Co-Authored-By: Claude Opus 4.6 (1M context) <noreply@anthropic.com>
First step of Phase 4 (networking). Adds a new AcDream.Core.Net project
for the AC UDP protocol implementation and a matching AcDream.Core.Net.Tests
project. Keeps networking isolated from rendering and the dat layer,
which also keeps the AGPL-reference-material hygiene cleaner.
AcDream.Core.Net/NOTICE.md documents the attribution policy: we read
ACE's AGPL network code (and holtburger's Rust ac-protocol crate) to
understand AC's wire format, but we reimplement everything in acdream's
own style. Wire-format facts aren't copyrightable; specific code is.

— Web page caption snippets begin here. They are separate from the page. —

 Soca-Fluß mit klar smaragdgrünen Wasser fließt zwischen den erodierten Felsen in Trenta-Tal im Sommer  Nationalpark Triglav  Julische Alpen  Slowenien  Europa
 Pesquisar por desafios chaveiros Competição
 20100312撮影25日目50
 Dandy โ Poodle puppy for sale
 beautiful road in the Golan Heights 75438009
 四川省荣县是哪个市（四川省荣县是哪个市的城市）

This commit adds one component: IsaacRandom — AC's variant of Bob
Jenkins' ISAAC PRNG, used to XOR a keystream into the CRC field of
every outbound packet for authentication. Clean-room reimplementation
based on reading:
- references/ACE/Source/ACE.Common/Cryptography/ISAAC.cs (AGPL oracle)
- Bob Jenkins' public ISAAC algorithm description
Implementation notes:
- 256 uint32 mm[] state, 256 uint32 rsl[] output buffer, a/b/c regs
- Initialize() runs 4 golden-ratio Mix() warmup rounds then two fold-in
passes over rsl[] and mm[] (fresh instance → both start as zeroes)

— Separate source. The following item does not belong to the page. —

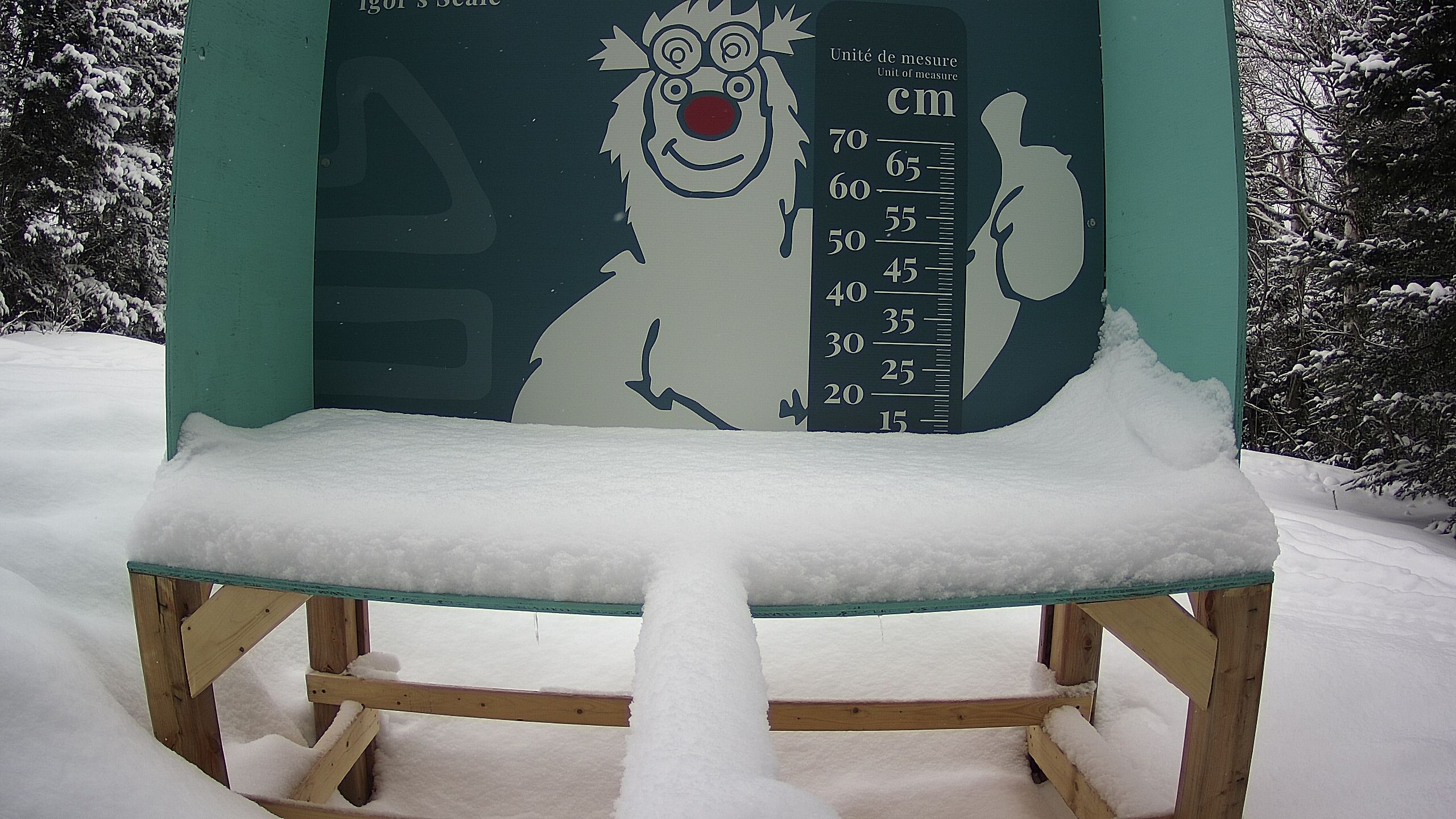 Échelle d’Igor – Summit webcam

- AC variant: seed is exactly 4 bytes, interpreted as little-endian
uint32 assigned to a = b = c before the first Scramble()
- Scramble() produces 256 output words in one pass; Next() consumes
them backwards from offset 255 → 0, re-scrambling at offset -1
- Test seed 0x12345678 matches ACE's reference output byte-for-byte
across the first 16 values (golden vectors transcribed from a
throwaway oracle harness that compiled ACE's ISAAC.cs and printed
its output; the harness was deleted after extracting the values)
Tests (5, all passing):
- Next_Seed12345678_MatchesAceGoldenVectors: 16 golden uint32 values
- Next_TwoInstancesSameSeed_ProduceIdenticalSequence: 1000 outputs
- Next_DifferentSeeds_ProduceDifferentFirstOutput
- Next_512Calls_SpansTwoScrambleBatches: >400 distinct values in 512
outputs (catches all-zero / stuck-at-one bugs at scramble boundary)
- Ctor_ShortSeed_Throws
Both test projects still green: 77 core + 5 net = 82/82.
Phase 4.2 (packet framing + checksum) next.